I hadn't heard this theory before, but it's kinda interesting:
...the story has underlying economic and political references that make it a popular tool for teaching university and high school students - mainly in the United States but also in the UK - about the economic depression of the late 19th Century.Read the rest of the article to get the details. It does seem odd, however, that no one published the idea until 1964.
I just always thought that the story was quite anti-religion, with its strong themes of self reliance and the revelation that the Wizard has no clothes, so to speak. Sort of a gentler expression of Philip Pullman's themes.

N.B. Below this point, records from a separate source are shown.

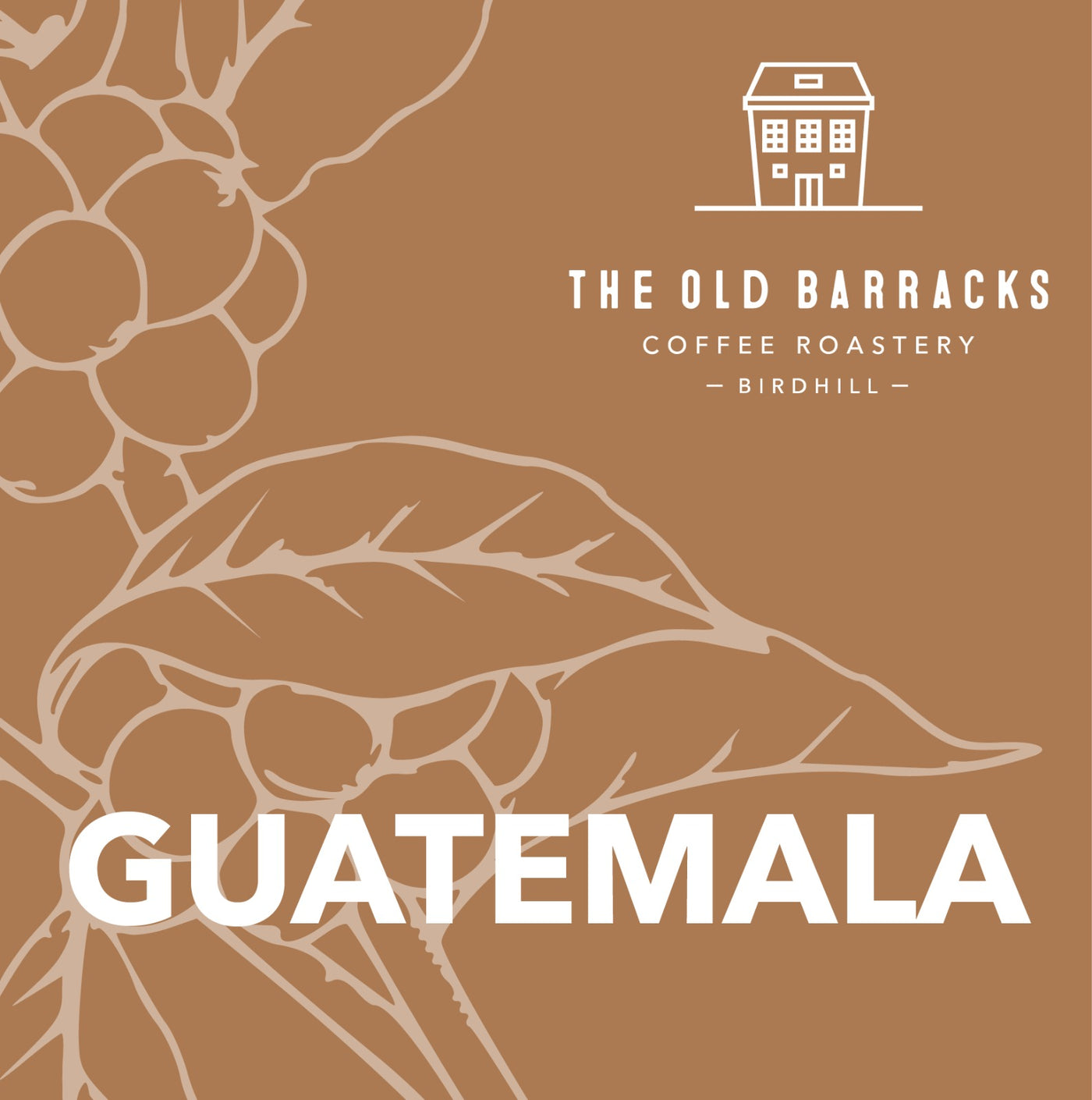 Guatemala, Finca La Soledad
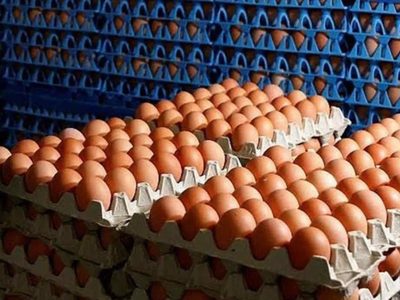 No tires el maple de huevos y dale vida con esta idea que te va a encantar para usar en tu cocina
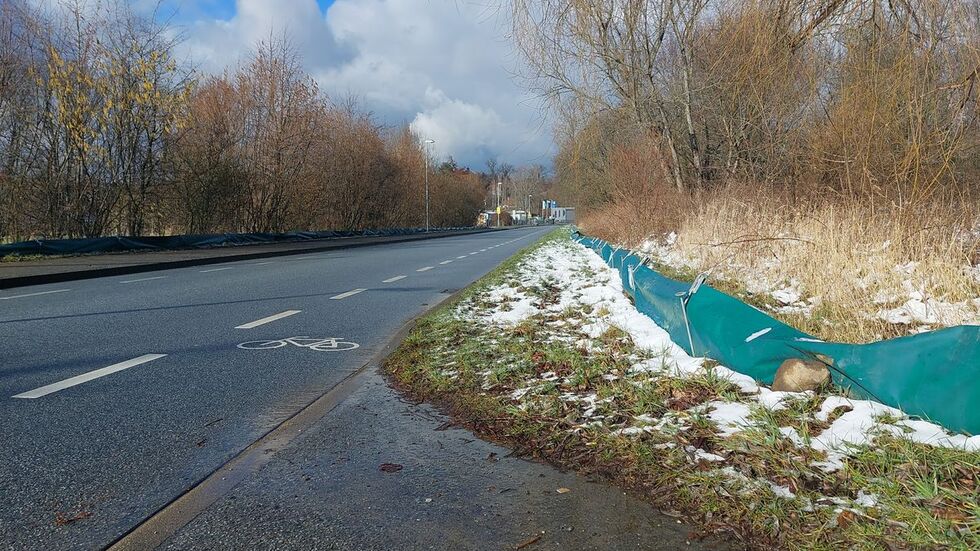 Ein Krötenschutzzaun, wie hier an der Straße am Löbauer Berg soll ausreichend Schutz für die Tiere bieten. Ein Krötenschutzzaun, wie hier an der Straße am Löbauer Berg soll ausreichend Schutz für die Tiere bieten.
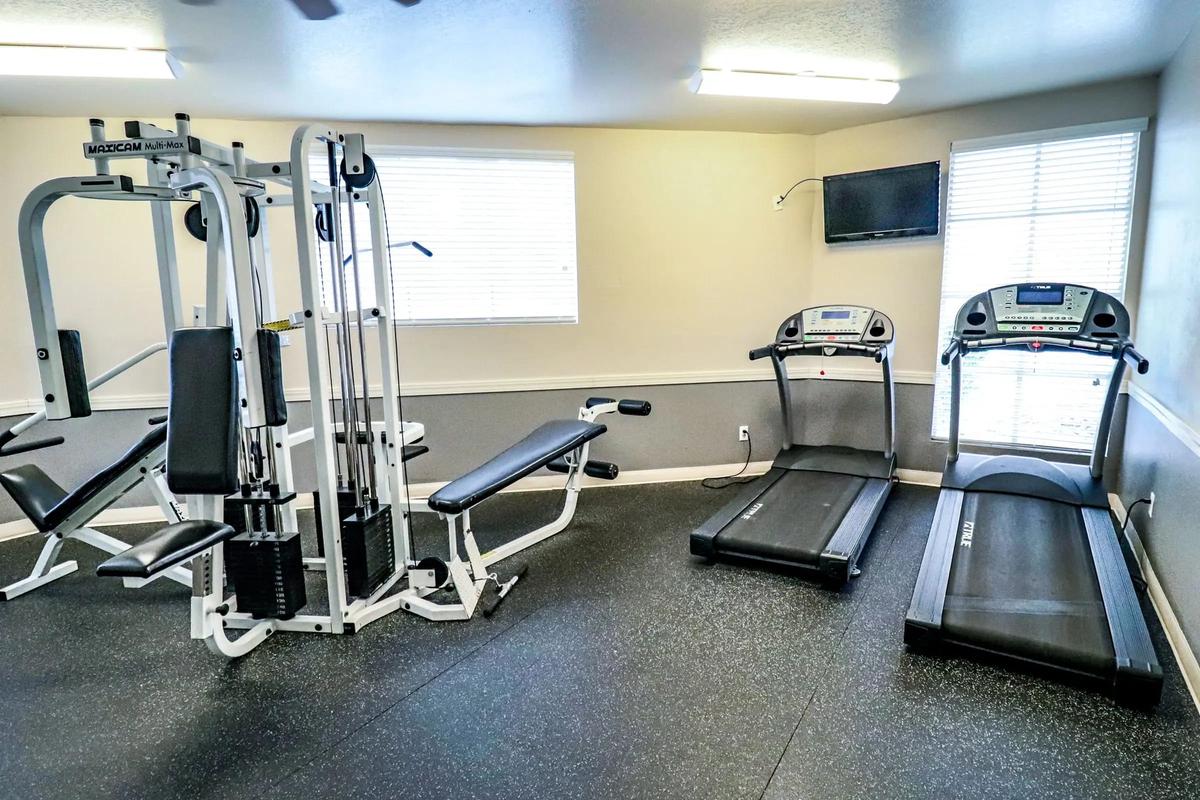 Fitness center with multi-gym machine, weight bench and two treadmills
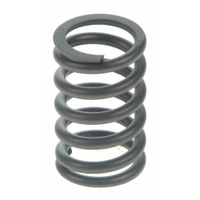 Valve springs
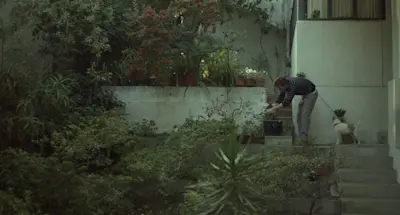 Beginners, 2010
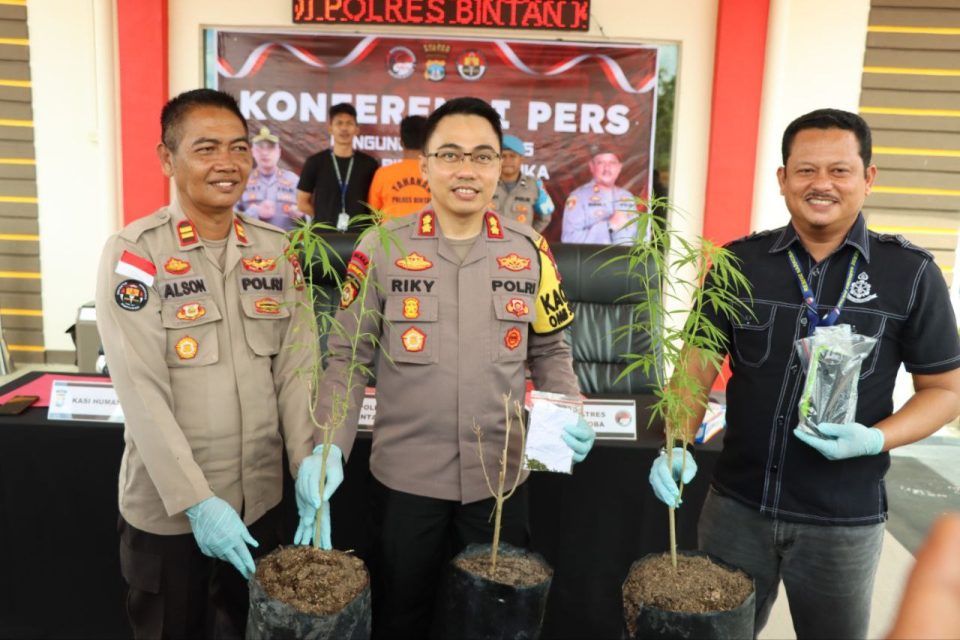 warga tanam ganja di bintan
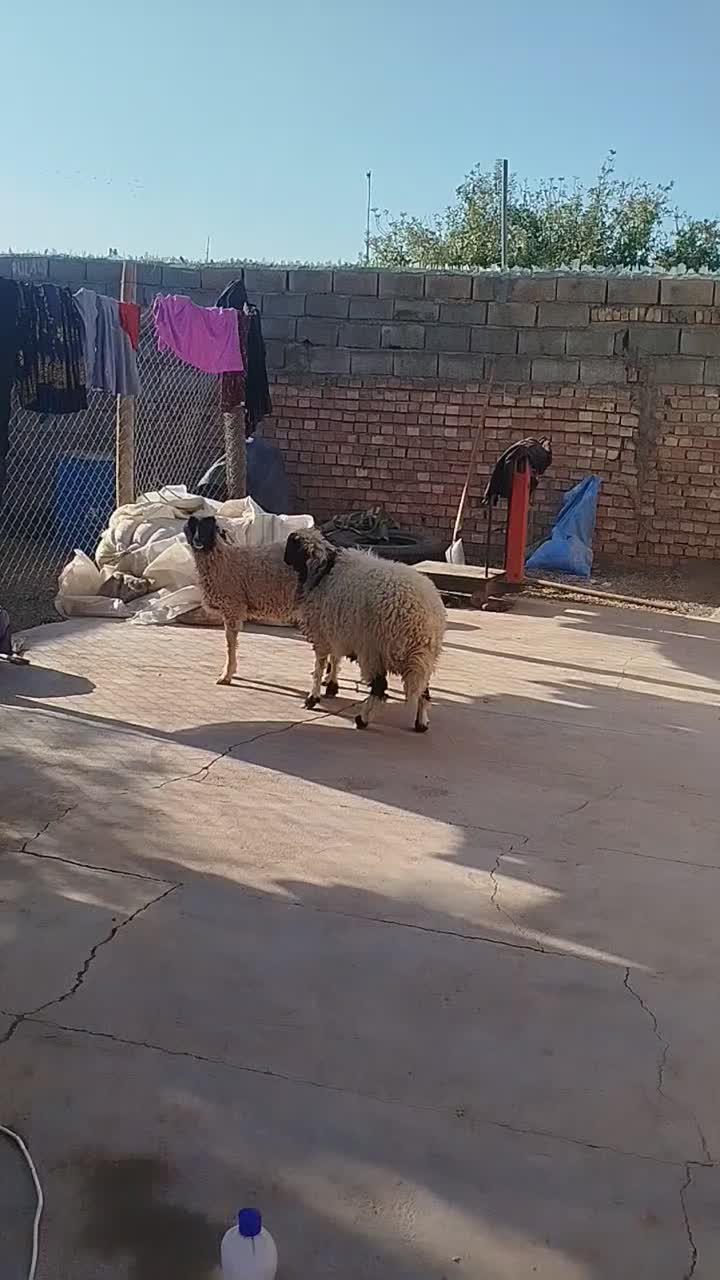 دوراس بره کاور دم شلال ناز|حیوانات مزرعه|زرند, |دیوار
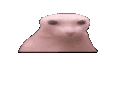Bingus_angry emote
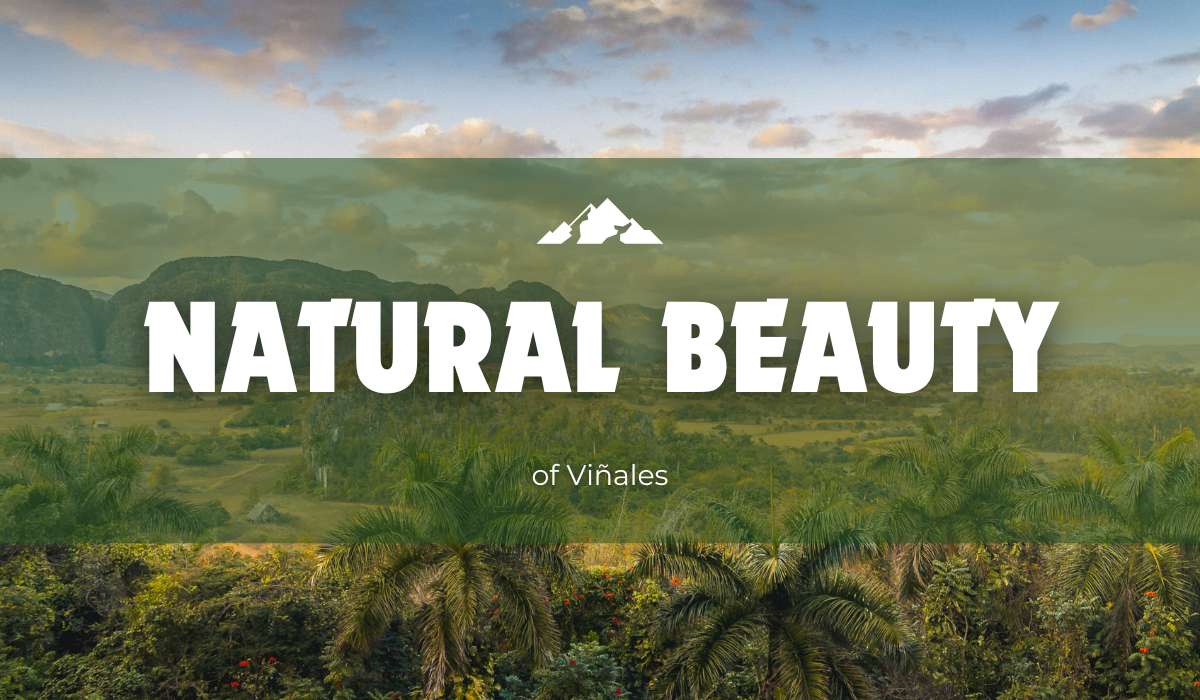 Natural Beauty of Viñales: A Guide to Cuba’s Countryside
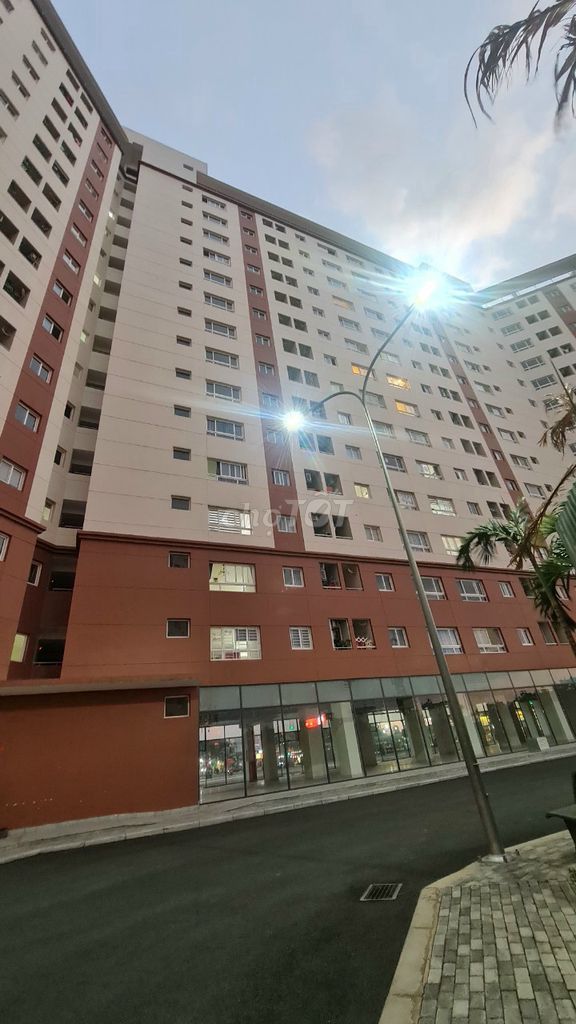 4350193 ảnh đại diện 1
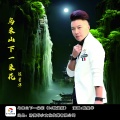 陈星华 - 乌来山下一朵花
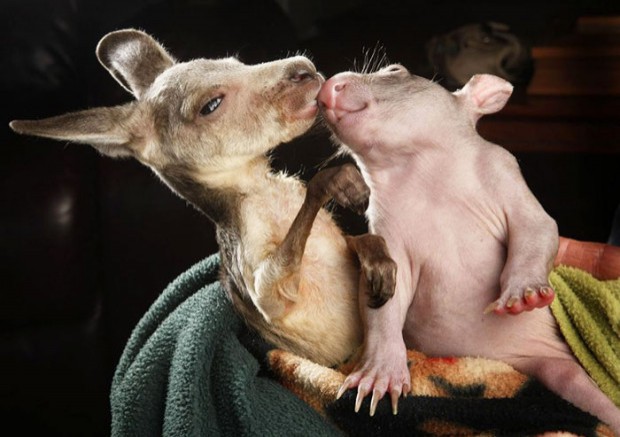 Questa coppia del canguro e di un wombat vince il premio particolarità.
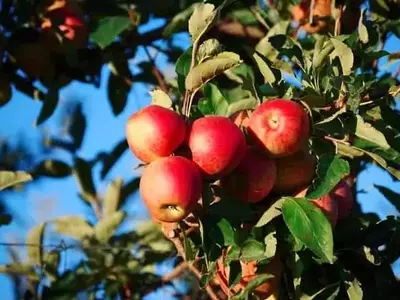 Cal y Materia Orgánica: Claves para Retener Nitrógeno en Suelos de Manzanos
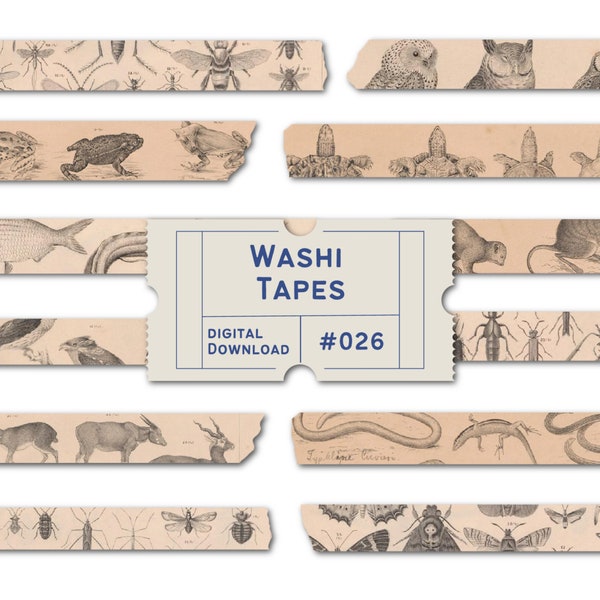 Dark Academia Washi Tapes, Natural History Illustrations Washis, Gothic Witchy Washi Tapes, Planner Tapes, Goodnotes PNGs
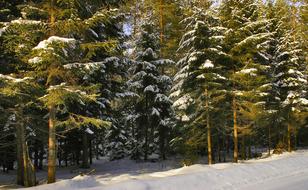 Forest Winter Snow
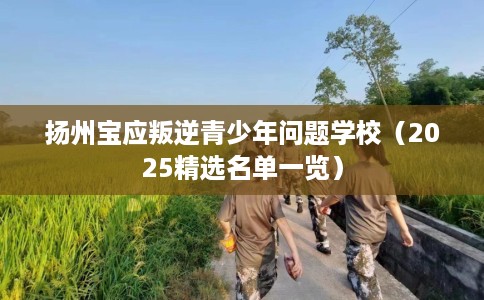 扬州宝应叛逆青少年问题学校（2025精选名单一览）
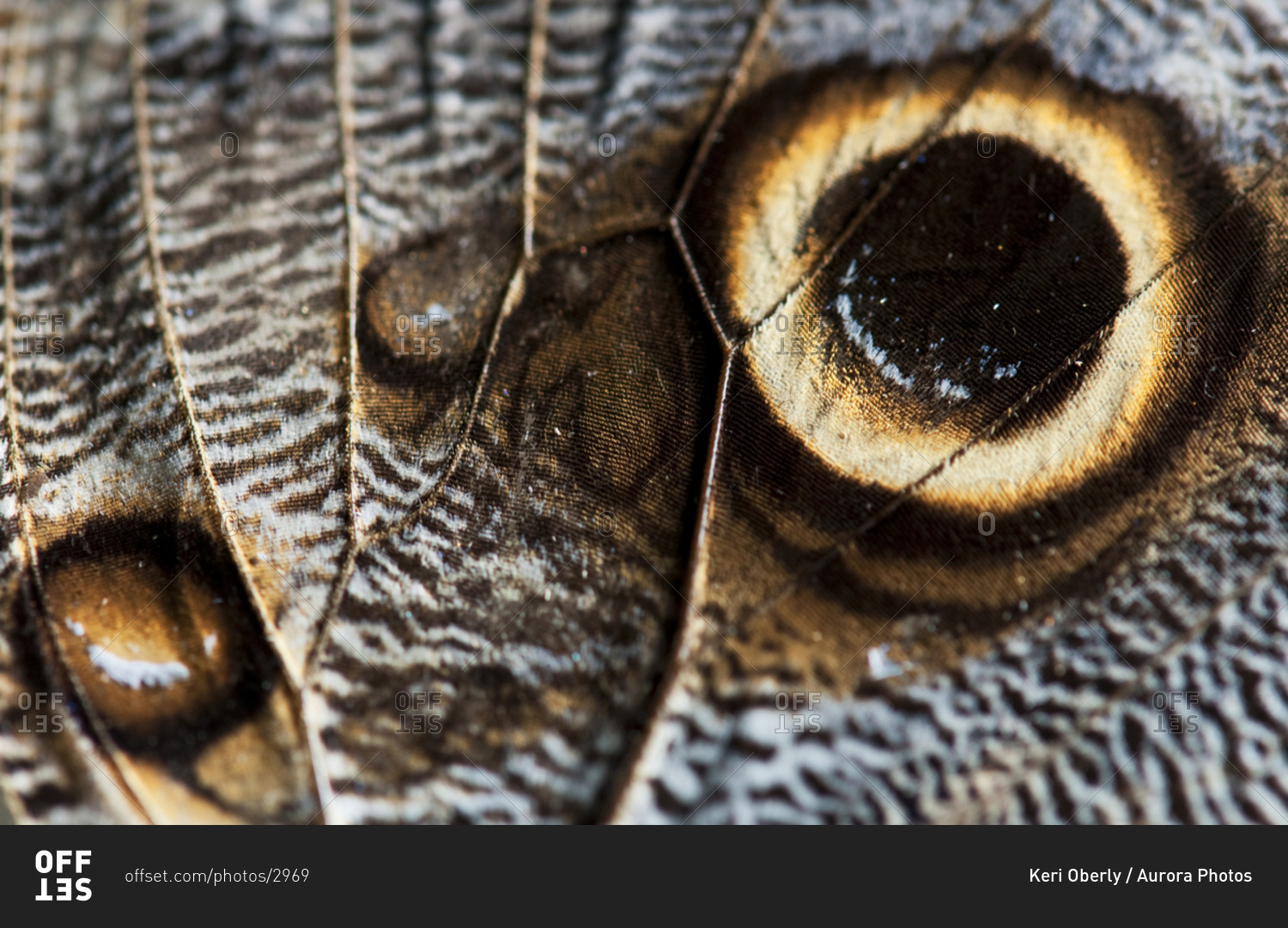 The detail of a butterfly wing is pictured in Lake Tahoe, Nevada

Which leads me to note that a Pullman interview was recently in The Times. There is one comment he makes that I have some sympathy with:
When people talk of his books and about those characters of his who carry their daemons like visible souls, they talk also of spirituality. They may know less of his views than of his creations, but it is a good job he can't hear them as this is what he says of the S-word: “I never use it. I never know what it means. It could mean any one of a whole raft of things, from vague feelings of emotional uplift...and then you're off into the realms of the ‘intense inane', as Shelley called it. I find it almost unbearably stupid when people talk about exploring their spirituality because I don't know what the f*** they mean. I think they mean ‘I'm no end of a fine fellow and you ought to respect me because I've got a higher dimension than you material people'.”I also tend to be rather leery of the usage of "spirituality" these days, but I don't have well thought out views on this, so it will have to await another post.